Tracking the money behind the Farm Bill
The Farm Bill legislation that senators are currently tackling contains almost $100 billion in spending. In Washington, when there’s lots of money at stake, lots of lobbying dollars get thrown around. The Farm Bill is no different.
According to the Sunlight Foundation Reporting Group, the journalistic arm of the nonpartisan nonprofit governmental transparency think-tank, “agribusiness has already sunk $39.2 million in direct contributions to federal candidate and party coffers this election cycle, nearly three-fourths of that to Republican interests, according to the Center for Responsive Politics.” Michigan Sen. Debbie Stabenow, chairwoman of the Senate Agriculture Committee, is the top recipient of those funds.
The central battles inFarm Bill policies – Southern rice and peanut interests vs. Midwest corn and soybean farmers; deficit hawks vs. food assistance benefits; crop insurance vs. subsidy payments – are all attracting political campaign money.
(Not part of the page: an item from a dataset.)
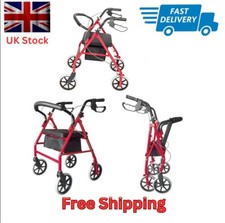 4 Wheel Rollator Mobility Walker Adjustable Disability Aid with Seat & Storage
For instance, Sunlight’s blog post details the fight over sugar subsidies.
On Wednesday, big sugar beat back an attempt by Sen. Jeanne Shaheen, D-N.H., to eliminate a decades-old sugar price support program. The Senate voted 50 to 46 to table her amendment. Sugar interests such as American Crystal Sugar and Flo-Sun Inc. are among the biggest campaign contributors in the agribusiness sector, giving to Democrats and Republicans alike. The sugar industry gains strength from having two geographic strongholds--the South, where sugar cane is grown, and the mid-west, the source of sugar beets. However, sugar's opponents, the interests that buy sugar for their products, is also quite formidable. The Coalition for Sugar Reform, which supported the Shaheen amendment, include such heavyweights as the American Beverage Association, the Food Marketing Institute, and the Snack Food Association, which in turn have powerful corporate membership.
The Sunlight Foundation’s reporting and databases offer a wealth of knowledge – important currency when so much money is being bandied around.